When the Dust Settles

Home > Other > When the Dust Settles > Page 6
When the Dust Settles Page 6

by Cook, R


  After a few months, I had been feeling more comfortable living at Suplejack and enjoying the work with Grandad, but there were changes happening at the station and things weren’t about to get easier. Grandad had suffered a stroke a couple of years earlier and the work on the station was catching up with him. An agreement had been reached with my parents to take over the management of Suplejack, with my grandparents maintaining a half share in the business. These were confidential discussions at the time and have remained so ever since. All the Savage boys had a turn of living and working at Suplejack but none found it a suitable life for their respective families. The fourth Savage child was Letty (my mother), who had fallen for the fencing contractor Bill Cook when he had turned up at the station all those years ago on a trip around Australia. Mum had left school in Alice Springs after Year 11 to return to the station to help Grandad. Her dream was one day to become a veterinarian, but the huge distances to the nearest university held her back. Her heart was also in the bush, so the idea of living in the city was very daunting. Instead Mum worked alongside her brother Jamie at home and would often ride the bronco horse in the yards at branding time, lassoing the calves as the men scruffed them. Then one evening a dark and handsome bloke rolled through and swept her off her feet. He was a fit and active workaholic; she was a slim, attractive brunette with similar interests to his.

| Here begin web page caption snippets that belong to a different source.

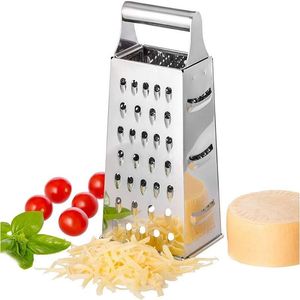 Fruktgrönsaksverktyg rostfritt stål 4 -sidiga blad hushållslåda grater container mtipurpose grönsaker skärare kök manual chee dh8vz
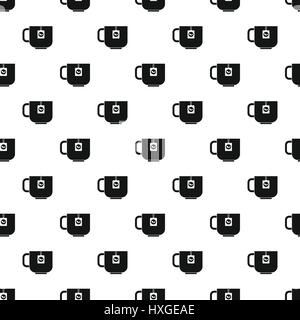 Tasse Tee Muster, einfachen Stil Stock Vektor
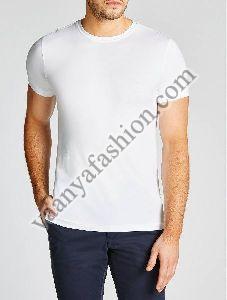 Black Plain Mens V Neck Cotton T Shirt, Packaging Type: Packet at Rs  100/piece in Ghaziabad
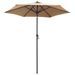 Parasol Taupe 200x211 cm Aluminium - Photo n°1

  In 1975, the couple moved to manage a virgin block called Larranganni on the Western Australia and Northern Territory border, drawn in a ballot by Dad’s father, my grandad, Tom Cook. By coincidence the block was not far from Suplejack Station on the edge of the desert. Mum and Dad were married at the same time and had Tiani and Lilly while they were out there. There were three blocks on offer in the ballot and Larranganni was the worst in terms of pasture quality. It was unsustainable sandy country with no substance to the grasses, and buffel seed thrown out by Grandad Cook wouldn’t establish. They would have gone broke feeding supplement to the cattle, so after three years they made the sad decision to strip all the infrastructure and improvements they had brought with them, taking the fences, windmills and tanks, and handed the lease back to the government with a polite ‘thank you, but no thank you’. It was a hard time for the young family as they returned to Clermont in Queensland.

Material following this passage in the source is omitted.